Kenya secures $2Bn Eurobond despite a downgrade and loss of access to an IMF standby credit facility

The issue was seven times oversubscribed making it one of the highest order book for an issue from Africa.

Kenya has announced the successful pricing of a new $2 billion (Sh203billion) Eurobond transaction despite a credit downgrade report from Moody and delayed access to standby credit facility from the International Monetary Fund (IMF).

The National Treasury on Thursday said the issue was seven times oversubscribed making it one of the highest order books for an issue from Africa.

This follows a roadshow in Europe and the US conducted with international investors resulting in a significant level of interest expressed in the issue.

“The fact that we got $14 billion  in investor appetite reflected the continued support the country receives. We now have a dollar yield curve stretching out to 30 years, making Kenya one of only a handful of governments in Africa to achieve this,” reads a statement from the National Treasury.

The Government will you use the funds for development initiatives and liability management.

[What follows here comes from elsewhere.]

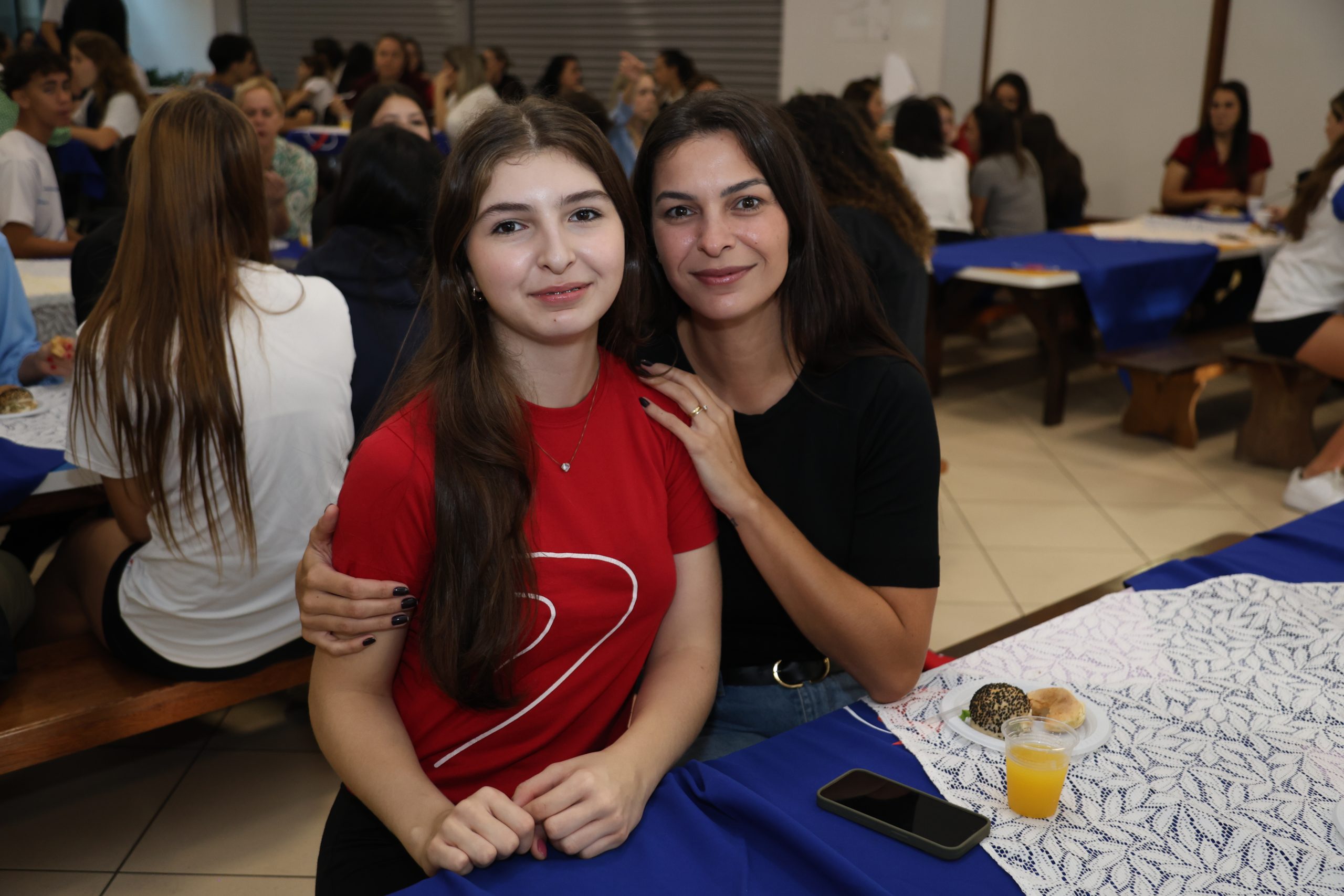 Homenagem para as mães 9°ano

Joint Mandated arranger Citi, JPMorgan, Standard Bank, Standard Chartered Bank, legal counsel, the LSE and the Irish stock exchange executed the transaction.

Last week, credit ratings agency Moody’s downgraded Kenya’s debt rating to B2 from B1 while officials were in the middle of the bond roadshow abroad, angering the government.

On the other hand, the International Monetary Fund said it had frozen Kenya’s access to a $1.5 billion standby facility last June, after failure to agree on fiscal consolidation and delay in completing a review.

Kenya’s total debt is about 50 percent of GDP, up from 42 percent in 2013. It has borrowed locally and abroad to build infrastructure like a new railway line from Nairobi to the port of Mombasa.

The finance ministry has published a plan to lower its fiscal deficit to 7 percent of GDP at the end of this fiscal year in June, from 8.9 percent in 2016/17, and to less than 5 percent in three years’ time.